Huawei X Gentle Monster Eyewear II: Design
Huawei once again teamed up with South Korean glasses maker Gentle Monster to design the second generation of its smart glasses, and you can't deny they look good.
There are two versions of the Eyewear II available: The rounder Myma or the narrower Lang (pictured). You can get either with polarized lenses, but there's also the option of prescription lenses in certain markets.
Whichever option you pick, they don't draw too much attention to themselves. The all-glass front of the Lang specs certainly looks unique, but not so much that they scream "smart glasses" at passers-by. There are no buttons on the sides, and the speaker grilles are hidden on the bottom edge, so it's only the thickness of the arms that give away that something's up.

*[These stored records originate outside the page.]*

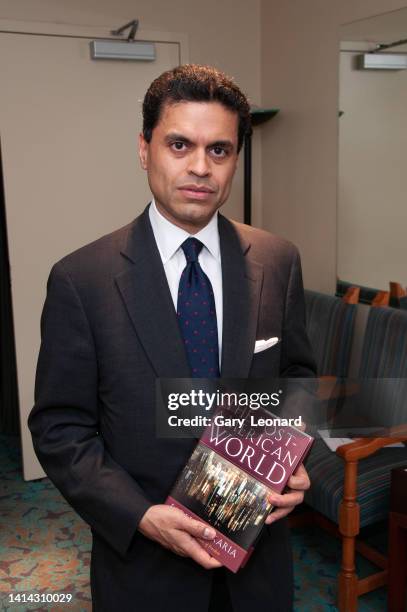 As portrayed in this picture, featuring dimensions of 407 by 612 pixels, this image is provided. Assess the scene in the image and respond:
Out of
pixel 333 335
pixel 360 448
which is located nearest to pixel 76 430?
pixel 360 448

The arms are fairly chonky compared to normal glasses, but that's because you'll find all the clever stuff within. Towards the lens on either side are touch sensors, which let you control things with taps, swipes and pinches. Behind them, sitting just over your ear, are the speakers.
Despite their size, the Eyewear are still comfortable to wear thanks to the contact points on your nose and ears being kept close to the proportions of a normal pair of glasses. They're light too, with the heavier Myma version weighing just 1.69 ounces (47.9 grams), which is a touch lighter than the equivalent Bose Frames' 1.76 ounces (49.89 grams) but only just.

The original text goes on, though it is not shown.